Intel® Fortran Compiler Classic and Intel® Fortran Compiler Developer Guide and Reference

ID 767251
Date 3/22/2024
Public
Document Table of Contents

PARALLEL Directive for OpenMP

OpenMP* Fortran Compiler Directive: Defines a parallel region.

Syntax

!$OMP PARALLEL [clause[[,] clause] ... ]

   loosely-structured-block

!$OMP END PARALLEL

-or-

!$OMP PARALLEL [clause[[,] clause] ... ]

   strictly-structured-block

[!$OMP END PARALLEL]

clause

Is one or more of the following:

  • ALLOCATE ([allocator :] list)

  • COPYIN (list)

  • DEFAULT (PRIVATE | FIRSTPRIVATE | SHARED | NONE)

  • FIRSTPRIVATE (list)

  • IF ([PARALLEL:] scalar-logical-expression)

  • NUM_THREADS ( scalar_integer_expression)

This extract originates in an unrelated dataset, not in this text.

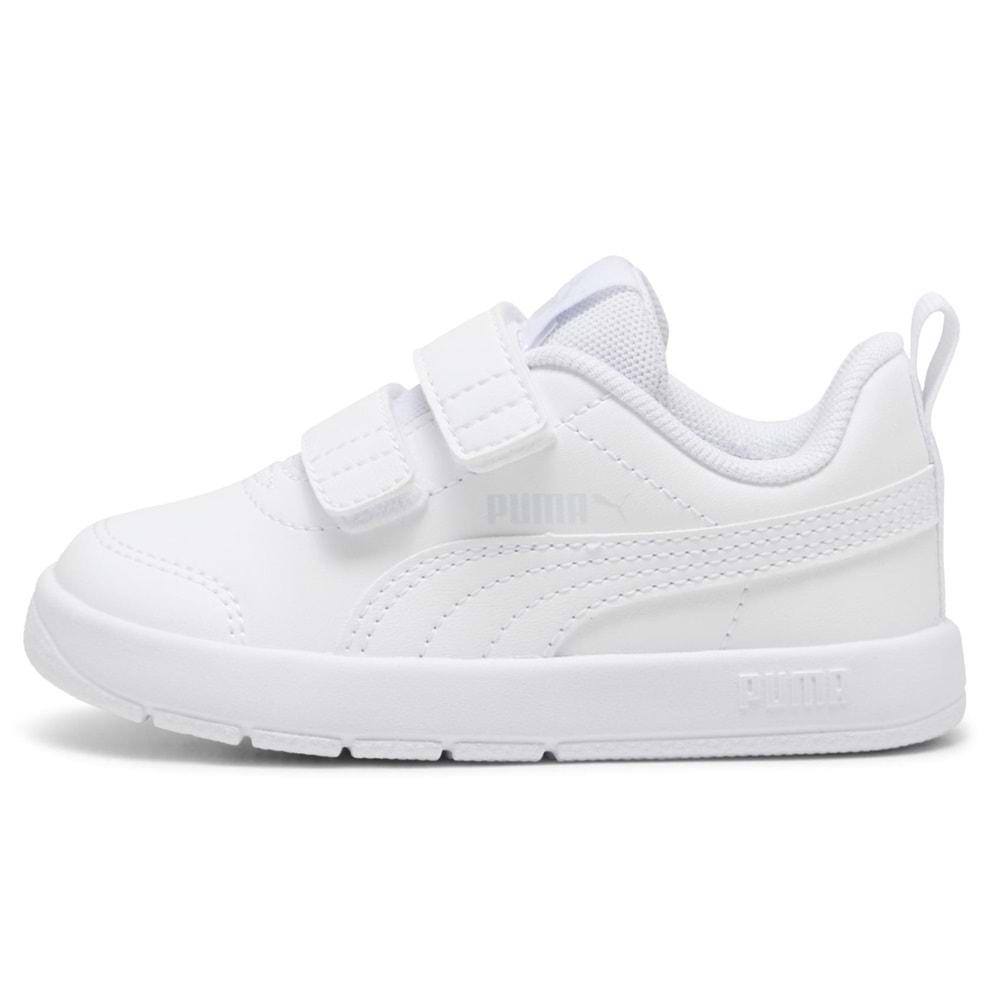 Puma Courtflex V3 V Inf 310252-02 Ortopedik Bebek Çocuk Spor Ayakkabı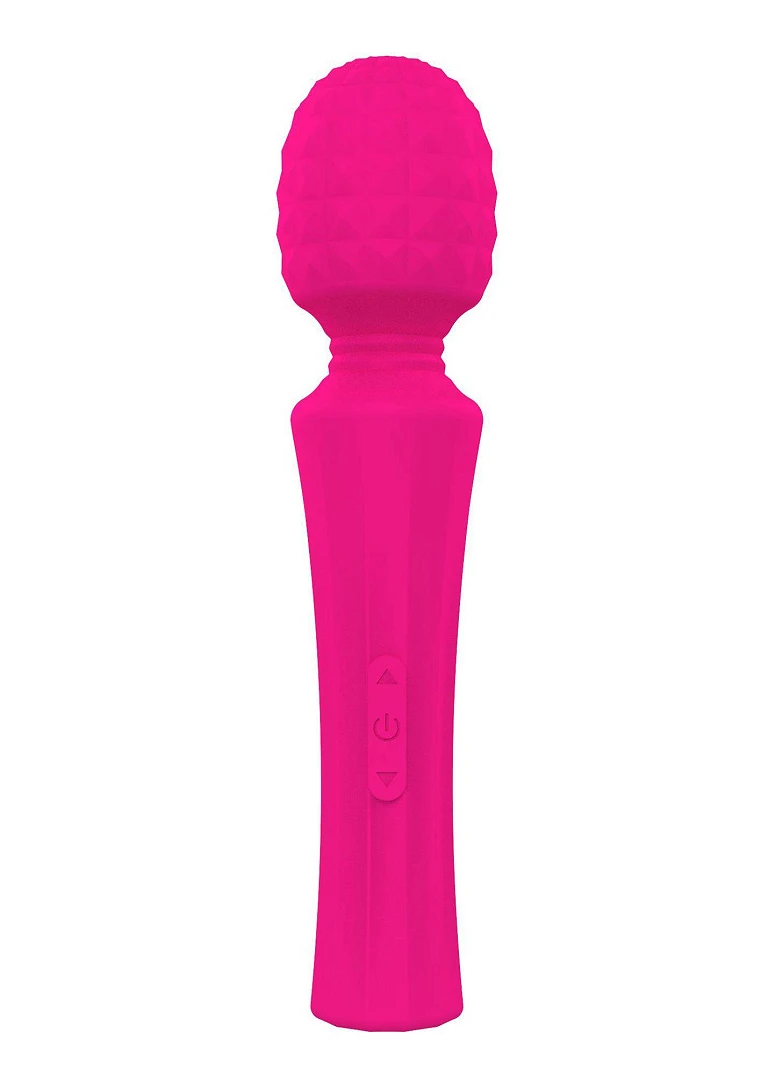 Masażer Power Wand – silikonowy, 8 trybów, wodoodporny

    Specifies the number of threads to be used in a parallel region. The scalar_integer_expression must evaluate to a positive scalar integer value. Only a single NUM_THREADS clause can appear in the directive.

  • PRIVATE (list)

  • PROC_BIND (PRIMARY | MASTER | CLOSE | SPREAD)

    Specifies a method for mapping the threads in the team to the "places" in the current partition.

    Once a thread is assigned to a place, the OpenMP* implementation should not move it to another place.

    PRIMARY instructs the execution environment to assign every thread in the team to the same place as the primary thread. MASTER has been deprecated and replaced by PRIMARY. CLOSE instructs the execution environment to assign the threads to places close to the place of the parent thread. SPREAD creates a sparse distribution for a team of T threads among the P places of the parent's place partition.

    For CLOSE and SPREAD, the threads with the smallest numbers are assigned starting with the place of the primary thread. For CLOSE, threads are packed into consecutive places within the parent's partition. For SPREAD, the partition of the primary thread is sub-divided and threads in the team are assigned round-robin to those subpartitions.

    Only a single PROC_BIND clause can appear in the directive.

  • REDUCTION ([reduction-modifier, ]reduction-identifier : list)

  • SHARED (list)

loosely-structured-block

Is a structured block (section) of statements or constructs. You cannot branch into or out of the block.

strictly-structured-block

Is a Fortran BLOCK construct. You cannot branch into or out of the BLOCK construct.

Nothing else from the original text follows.